The BCRA has been offered as the Senate’s version of the American Health Care Act (AHCA) passed by the House of Representatives. Both were initiated to replace the current Affordable Care Act (ACA).
In the proposed BCRA bill, penalties for both the individual mandate and the employer mandate would be reduced to $0 effective immediately. Since the Senate is attempting to pass this bill through budget reconciliation, these mandates cannot be eliminated due to the complex rules of the budget reconciliation process. Therefore, the bill reduces the penalties to $0, which has the same effect as repealing the mandates.
Just days after releasing the BCRA, the Senate revised their ACA replacement bill allowing an insurer in the individual market to impose a 6-month waiting period on a person who had a gap in coverage of 63 days or more during the preceding 12 months. This revision is an effort to duplicate the effects of the individual mandate. Due to this change it is likely that some type of reporting may be required proving that an individual did not have a break in coverage, although not enough information is available at this time.
It’s key to note that even with these latest changes, both the BCRA and the AHCA do not eliminate the 1094 and 1095 reporting requirements implemented by the ACA. Businesses and issuers will still be required to report employee and individual healthcare coverage to the IRS.
What Is Still Unclear
Tax credits are included in the BCRA similar to the existing ACA premium tax credit, but calculated differently. Although the employer mandate is essentially repealed, the other purpose of Form 1095-C is to determine whether an individual qualifies for a premium tax credit. In BCRA, a similar tax credit remains, therefore, it’s likely that an information reporting requirement will also remain. However, it has not been explained in what capacity that will/will not take place.

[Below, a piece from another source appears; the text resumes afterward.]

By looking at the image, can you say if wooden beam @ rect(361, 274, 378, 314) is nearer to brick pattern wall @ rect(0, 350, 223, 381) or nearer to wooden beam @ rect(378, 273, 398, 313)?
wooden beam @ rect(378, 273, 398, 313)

From all appearances, substantial changes will likely be made to the current Senate bill in the weeks ahead, making it necessary for it to be re-scored by the Congressional Budget Office (CBO) to gauge the overall impact to the federal budget. The bill will then be debated on the Senate floor prior to a vote. If the BCRA passes the Senate, it will then return to the House for final approval. At this point, the House could agree to the Senate bill, although it’s important to note that it was not easy to secure the votes necessary to pass the House version of the bill.
Alternatively, the House and Senate could form a conference committee to settle differences and to develop and send a compromise bill back to be voted on again by both the House and Senate. After the House and Senate pass identical bills, it would be presented to the President for his signature and then the bill becomes a law.